In a country where demographic arguments carry political weight from everything to issues of religion and state to the peace process, accurate numbers are critical, said Israeli demographer Sergio DellaPergolla. He said the new figures stand at odds with some of the rhetoric being employed in Israel’s public policy debates.

“Considering that Jews compose 75 percent of the total Israeli population, the growth of the non-Jewish components was faster and therefore the Jewishness of Israel diminished — in spite of the triumphalist declarations by certain political circles that the Arab fertility rate has diminished,” he said.

Itim’s founder, Rabbi Seth Farber, said the numbers suggest the need to loosen Israel’s cumbersome process for converting to Judaism.

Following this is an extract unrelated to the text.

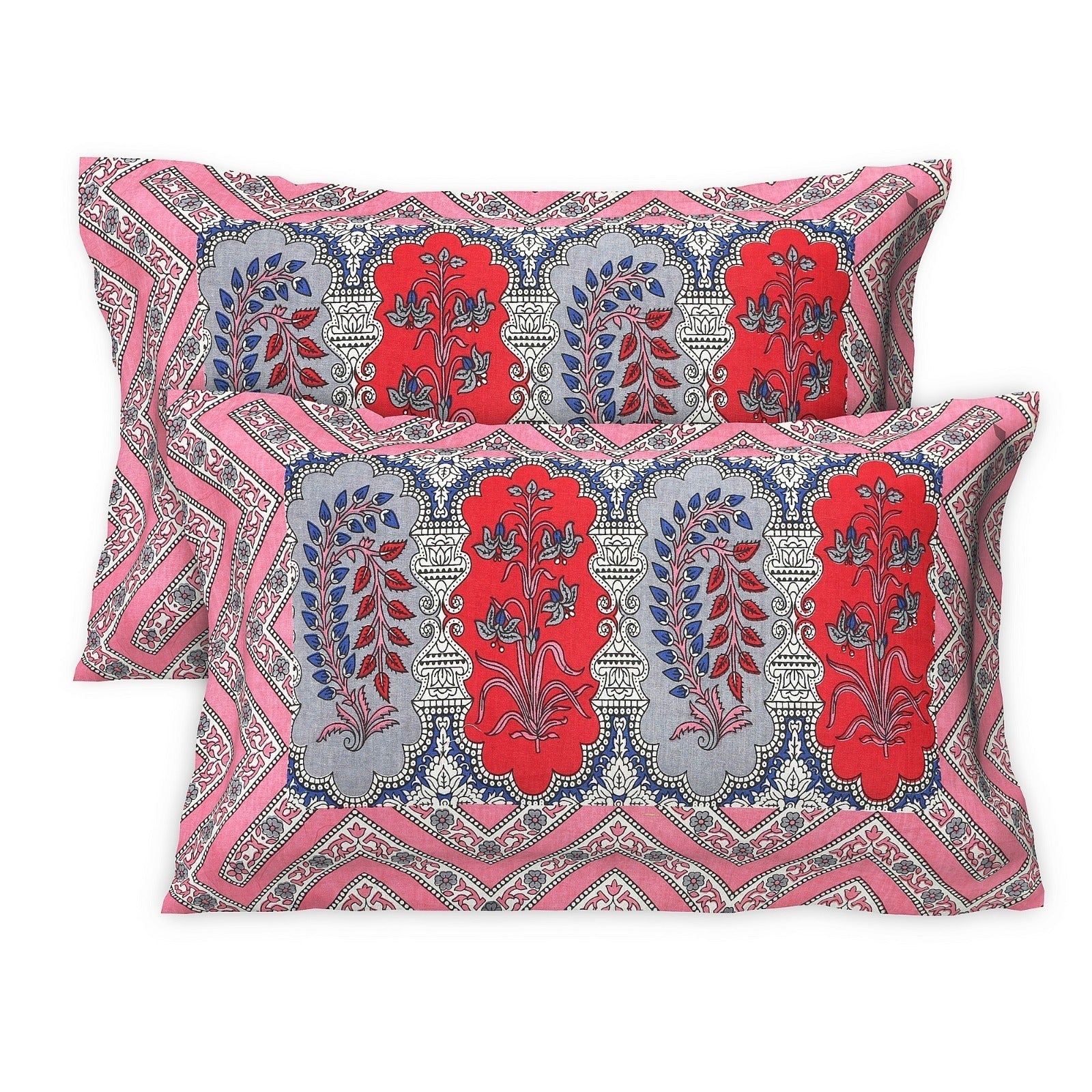 Rudra Bazaar Multicolour 210 TC Cotton Double King Bedsheet With 2 Pillow Covers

While some three quarters of Israel’s current population is considered Jewish to one degree or another, “if we were to take out from that [total] all the people who made aliyah who aren’t halachically Jewish, the number of Jews would go down to less than 65 percent,” Farber told JTA. “It would essentially destroy the Jewish State of Israel.

“Israel is doing a decent job of bringing people here but a terrible job of bringing these immigrants fully into the fold of the Jewish people. Because the only way to do that is to guarantee their full rights here in Israel and particularly to be married. And the only way to do that is to provide a system of conversion that would be accessible and traversable and unquestioned down the road. The Rabbinate is putting its head in the sand regarding a demographic time bomb for the people of Israel.”

Farber insists that given their Jewish ancestry and desire to become part of the Jewish political and cultural collective in Israel, it would be immoral to deny the newcomers entrance in the first place, as some among the haredi Orthodox have suggested.

“It’s not reasonable from a moral and family perspective,” he said. “A lot of these people suffered as Jews and have firm and strong Jewish identities, not necessarily religious identities, but they are part of the body of the Jewish people.”

Rabbi David Stav of Tzohar, an Israeli Modern Orthodox rabbinical organization, also seeks an overhaul of the country’s strict conversion process.

“I think that we know already as a fact for the last two to three years that most of the immigrants that arrived from Ukraine are not halachically Jewish,” he said.

In Ukraine, his organization opened an office several years ago to help prospective immigrants to Israel prove they are Jewish.

“The change should be simple,” Stav said. “We offered this years ago: Convert the kids while they are minors.”

However, without an overhaul, interfaith marriage and assimilation will increase significantly, he warned.

For his part, Farber said that his organization had been working outside the official rabbinical court system to convert children, who, unlike adults, are not required to accept religious observance as part of the process. This year would mark the 1,000th such conversion his organization has facilitated, he said.

“Our goal,” Farber said, “is [for this] to become the policy of the State of Israel.”